The Conney Project on Jewish Arts will build on the foundation already in place at the Mosse/Weinstein Center for Jewish Studies at UW-Madison, which includes the Conney Undergraduate Seminar in Judaism and the Arts and the Conney Colloquium on Jewish Arts. The goal of the five-year plan is the creation of a Jewish Arts research center. The intention behind the Conney Project on Jewish Arts is to create dialogue, facilitate new knowledge, and function as a center of activity in the area of the Jewish contribution to the arts, both historically and in the contemporary era. The Conney Project on Jewish Arts will create opportunities for both scholars and practicing artists to meet and exchange ideas in the Conney Colloquium, held biannually on the UW-Madison campus. Selected papers will subsequently be included in a series of published volumes. The Conney Undergraduate Seminar will also continue on a biannual basis (alternating with the Colloquium), with its roster of visiting artists bringing new and exciting ideas to campus for our students.
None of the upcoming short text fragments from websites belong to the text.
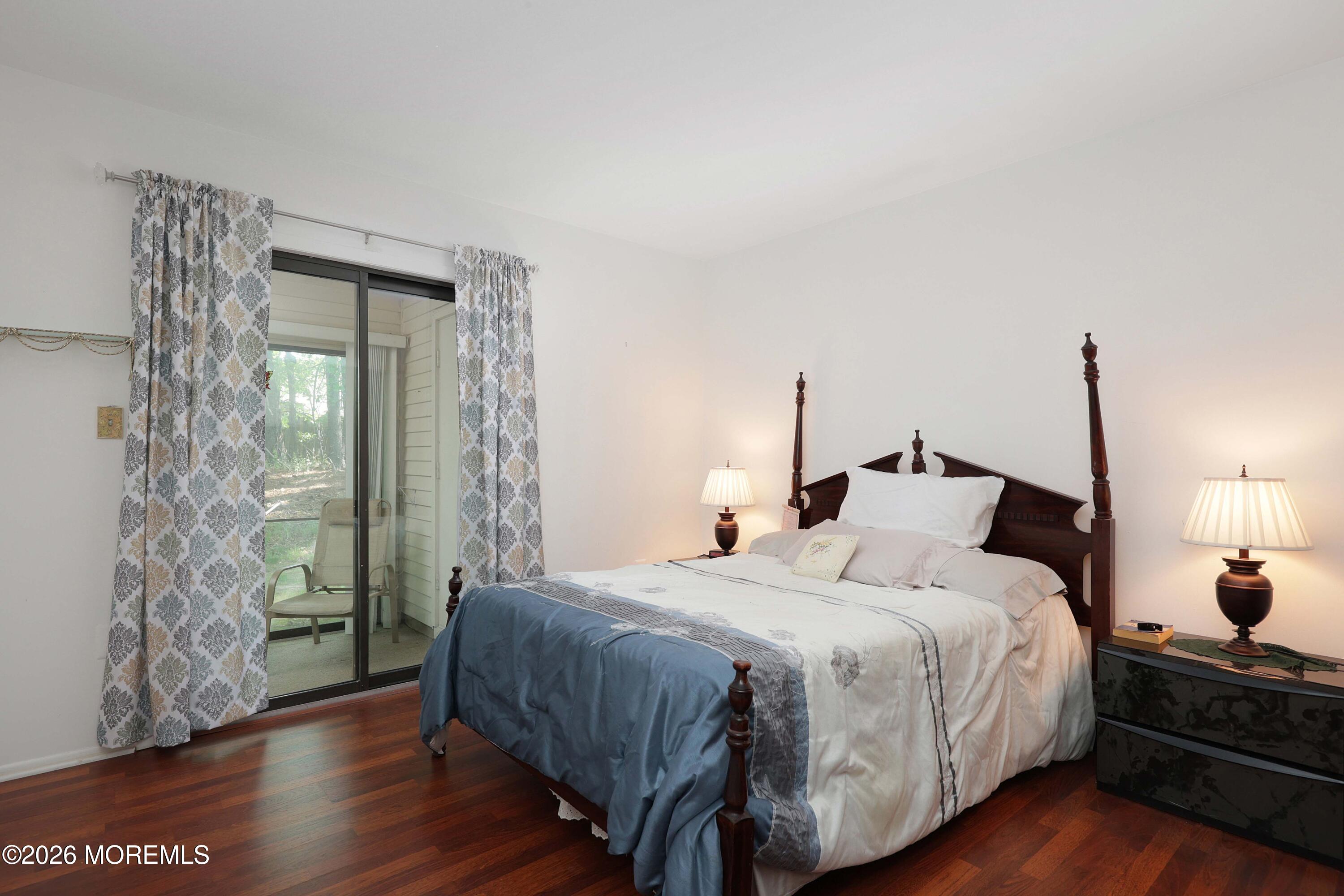 240 Medford Court Manalapan NJ 07726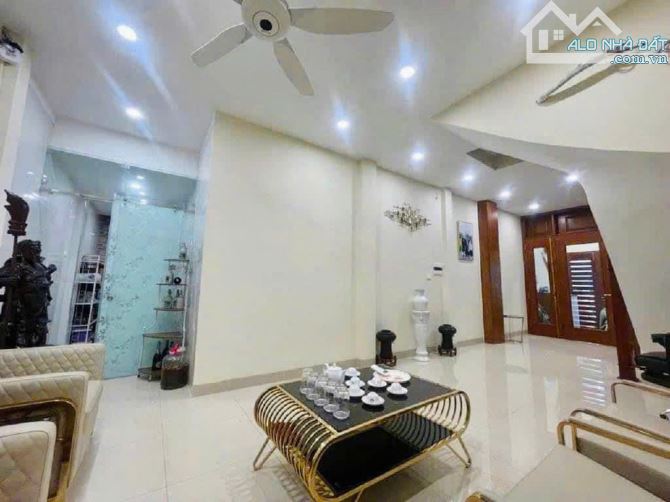 Bán nhà Ngọc Hà, phố VIP Ba Đình, 56m2 x 5 tầng, vị trí đắc địa, ngõ thẳng tắp, gần phố - 1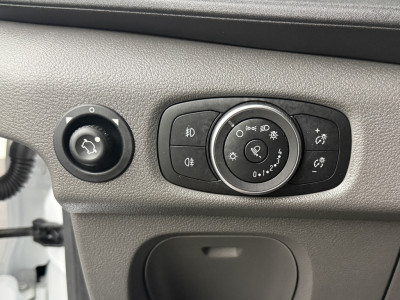 Ford Transit 2.0TDCi 170PK Bakwagen+Laadklep | Dakpoiler | Airco | Cruise | 3-Zits foto 21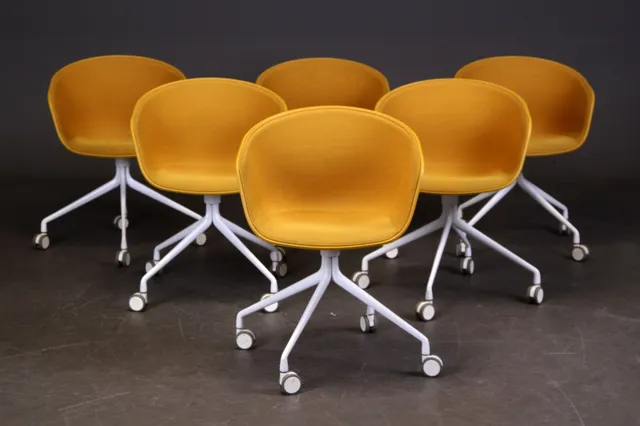 Hee Welling for HAY. Polstret skalstol med hjul. Model: About a chair. AAC25 - Gule (6)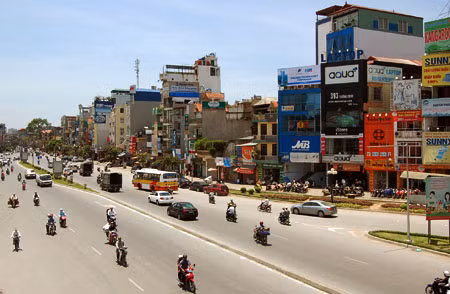 Hà Nội xem xét hạ một số chỉ tiêu trong năm 2012.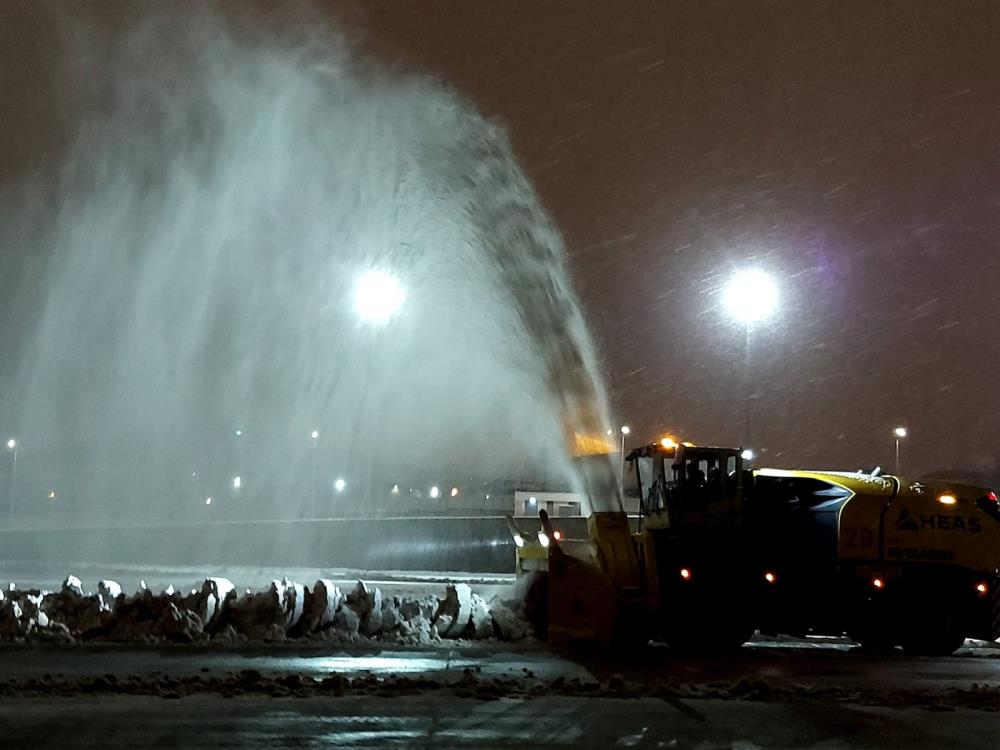 İstanbul Havalimanı’nda pistlerden biri açıldı, 23 saat sonra ilk uçak indi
Selected artists and directors will be invited as artists-in-residence in the Projects media center, where they will have access to a digital media production facility for the creation of documentaries and art projects of Jewish content. The film screening and visiting artist series will also continue as part of the larger framework of the Project, and artists will be asked to participate in the digital archive and documentary production program that will include on-camera interviews as well as an archive of their work. A feature-length documentary on Jews and the arts is part of our long-range plan as well.
By combining all of these elements, The Conney Project on Jewish Arts will, in the course of the next five years, amass a vast collection of historically valuable media pertaining to the Jewish contribution in the arts, one that will be made available to scholars and students in the form of streaming media, digital archives, DVDs and television projects.
The Center for Jewish Studies and The Conney Project will be a resource center and an archive of scholarship on the Jewish contribution to the arts, as well as an archive of art produced by Jewish artists. Additionally, the Project will function as sponsor and promoter both of active scholarship on the Jewish contribution to the arts and of new thinking and production among Jewish artists.